(TASK TO COMPLETE) With the pictures left out, write out exactly the lines of the listing below that run from the line with "KM7051LM4 KVK 洗面用" through the line with "Buddha Gift Tibetan".

RECORDS FOR THE EXERCISE START

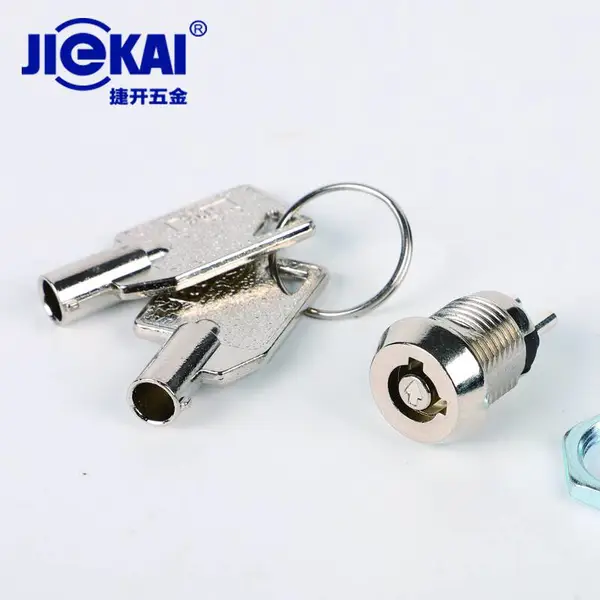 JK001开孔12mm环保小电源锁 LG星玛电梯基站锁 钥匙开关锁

RECORDS FOR THE EXERCISE END
RECORDS FOR THE EXERCISE START

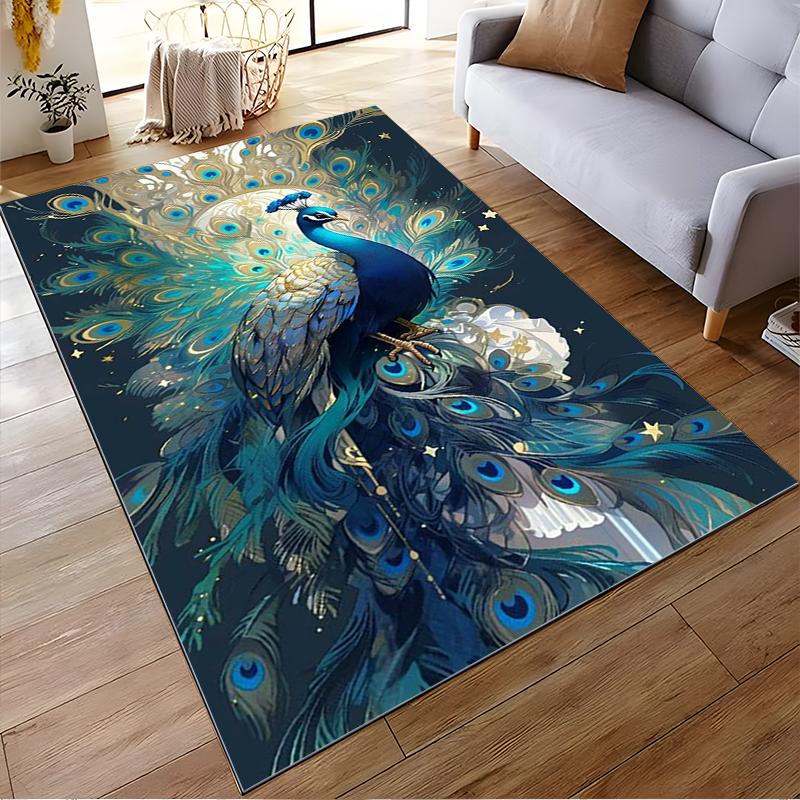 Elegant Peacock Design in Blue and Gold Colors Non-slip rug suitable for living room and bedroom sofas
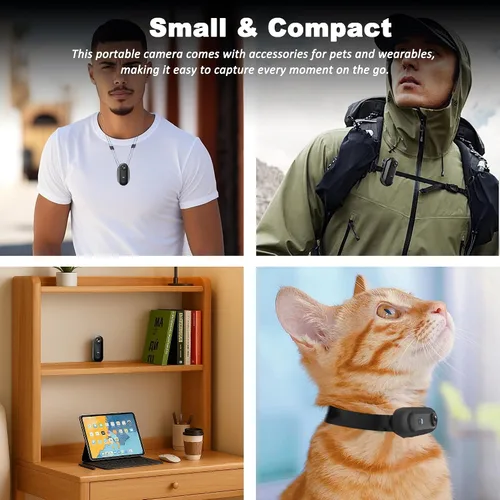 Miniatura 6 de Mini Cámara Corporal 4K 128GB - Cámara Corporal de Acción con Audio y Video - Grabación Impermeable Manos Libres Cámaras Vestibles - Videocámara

RECORDS FOR THE EXERCISE END
RECORDS FOR THE EXERCISE START

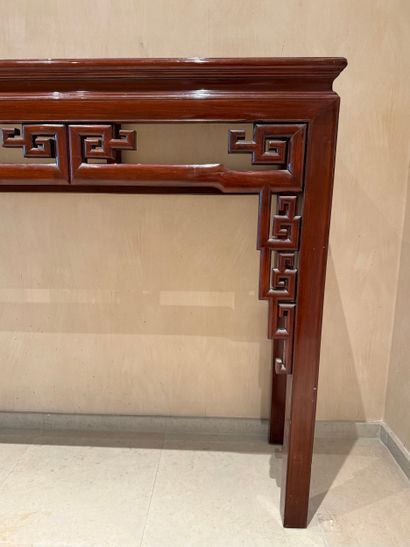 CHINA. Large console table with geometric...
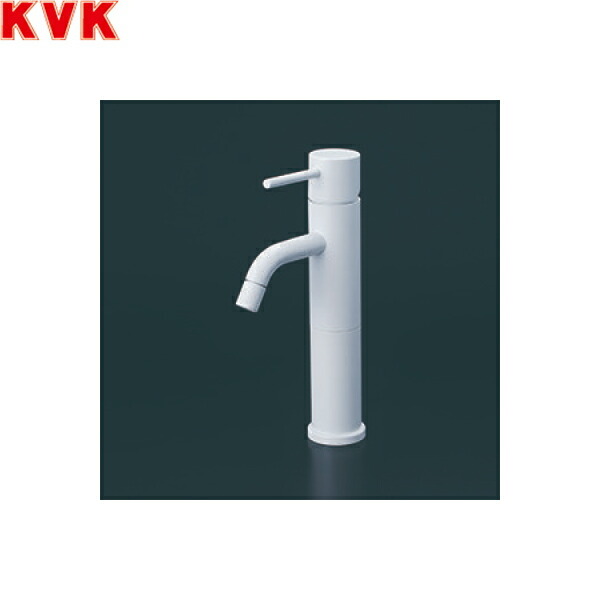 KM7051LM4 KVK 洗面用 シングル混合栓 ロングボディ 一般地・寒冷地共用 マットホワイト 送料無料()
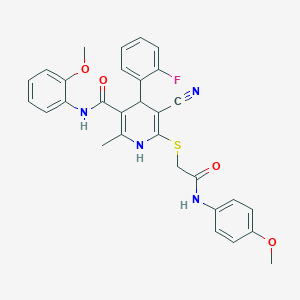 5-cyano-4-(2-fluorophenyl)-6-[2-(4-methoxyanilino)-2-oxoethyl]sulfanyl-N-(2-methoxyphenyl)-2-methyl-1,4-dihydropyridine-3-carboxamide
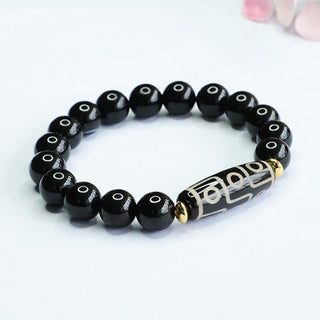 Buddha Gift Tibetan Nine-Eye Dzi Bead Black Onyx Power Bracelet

RECORDS FOR THE EXERCISE END

(WRITTEN SOLUTION)
 KM7051LM4 KVK 洗面用 シングル混合栓 ロングボディ 一般地・寒冷地共用 マットホワイト 送料無料()
 5-cyano-4-(2-fluorophenyl)-6-[2-(4-methoxyanilino)-2-oxoethyl]sulfanyl-N-(2-methoxyphenyl)-2-methyl-1,4-dihydropyridine-3-carboxamide
 Buddha Gift Tibetan Nine-Eye Dzi Bead Black Onyx Power Bracelet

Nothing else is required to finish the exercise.